**Available data:**

^^^^

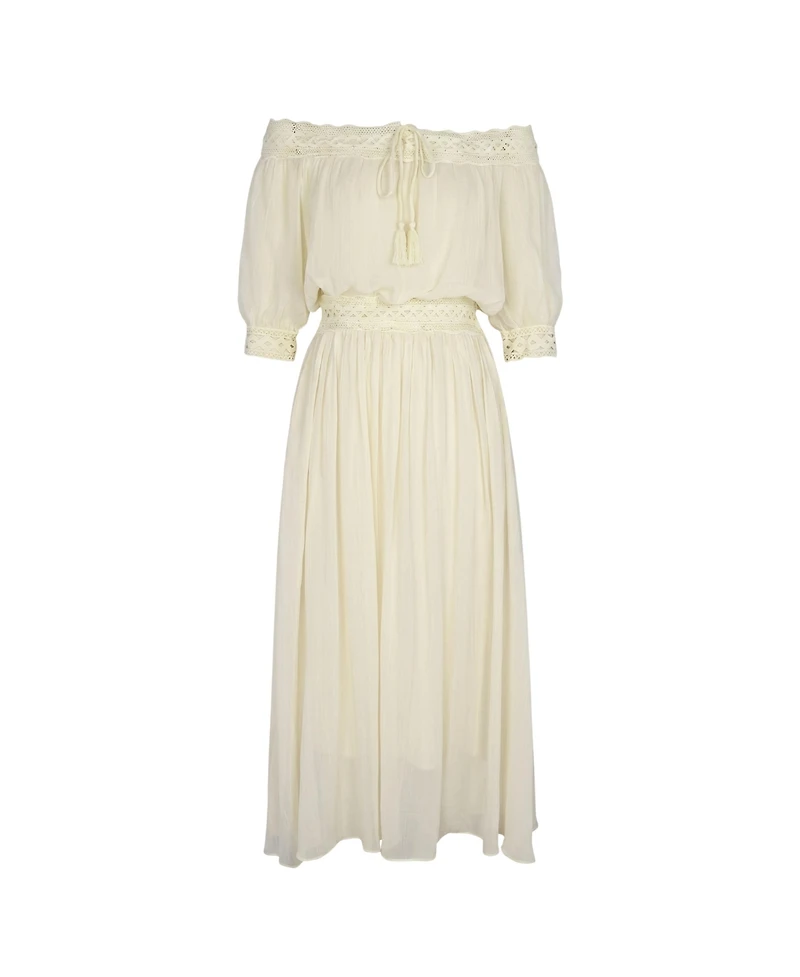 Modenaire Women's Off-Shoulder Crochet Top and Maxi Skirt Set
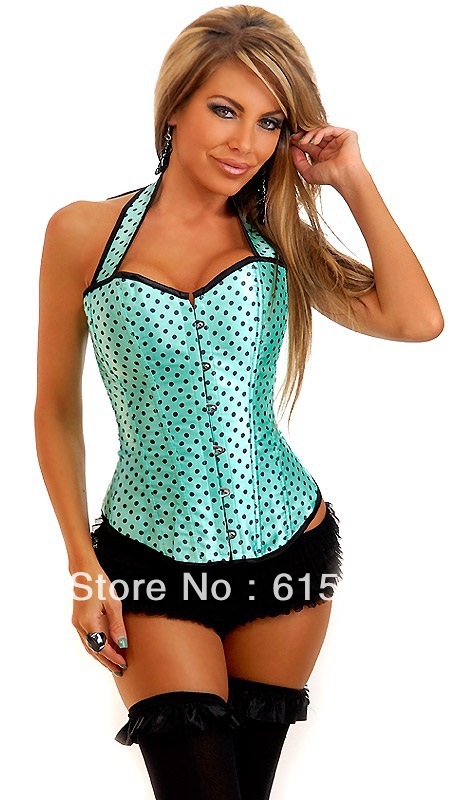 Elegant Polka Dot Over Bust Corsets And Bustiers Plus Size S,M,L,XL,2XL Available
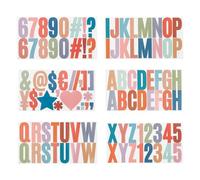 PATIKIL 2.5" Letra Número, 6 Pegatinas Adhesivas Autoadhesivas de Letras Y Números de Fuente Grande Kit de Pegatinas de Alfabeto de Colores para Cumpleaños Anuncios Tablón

^^^^

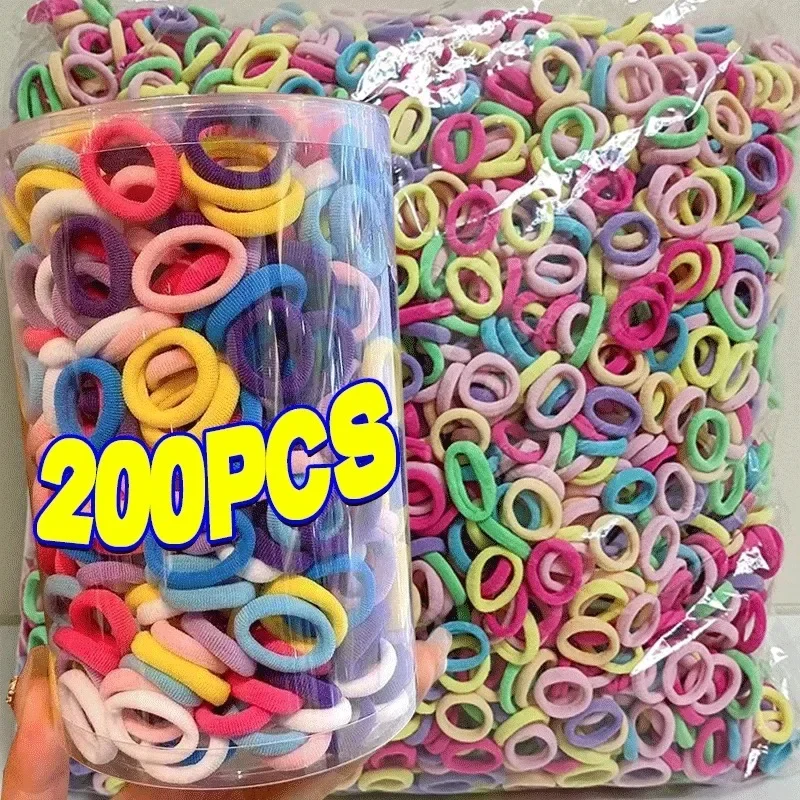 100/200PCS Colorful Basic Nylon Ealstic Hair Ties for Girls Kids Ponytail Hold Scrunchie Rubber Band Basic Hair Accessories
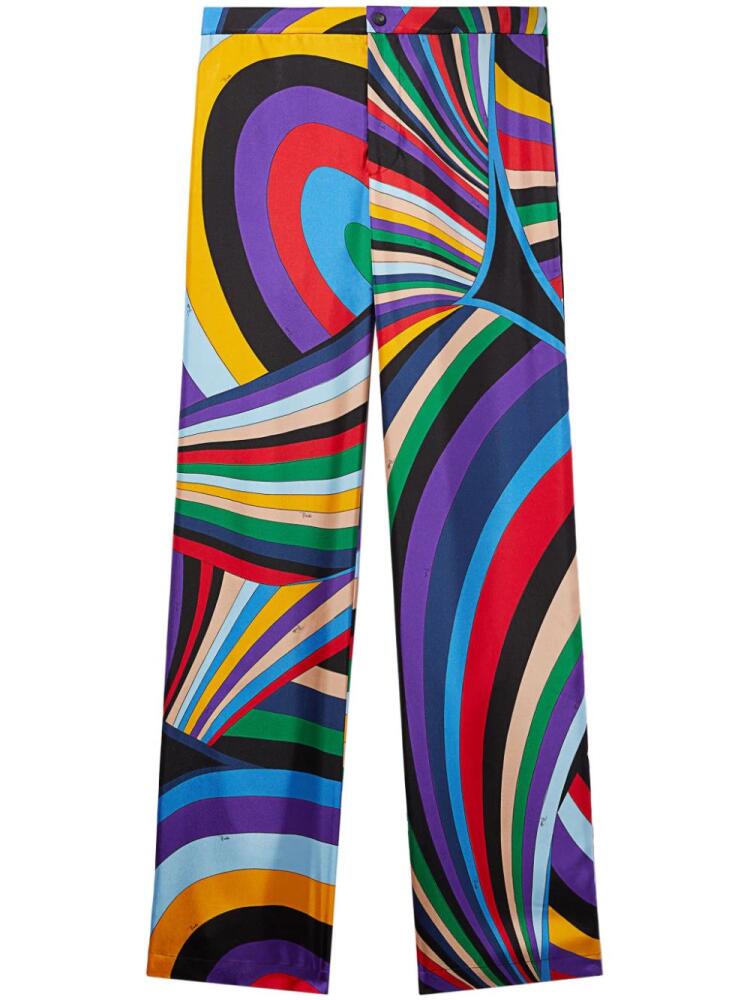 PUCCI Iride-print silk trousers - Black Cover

^^^^

**Your assignment:** Take the entries above and copy exactly the lines starting at the one with "Modenaire Women's Off-Shoulder" and ending at the one with "Cumpleaños Anuncios Tablón"; nothing outside that span, and no pictures.

**Solution:**
 Modenaire Women's Off-Shoulder Crochet Top and Maxi Skirt Set
 Elegant Polka Dot Over Bust Corsets And Bustiers Plus Size S,M,L,XL,2XL Available
 PATIKIL 2.5" Letra Número, 6 Pegatinas Adhesivas Autoadhesivas de Letras Y Números de Fuente Grande Kit de Pegatinas de Alfabeto de Colores para Cumpleaños Anuncios Tablón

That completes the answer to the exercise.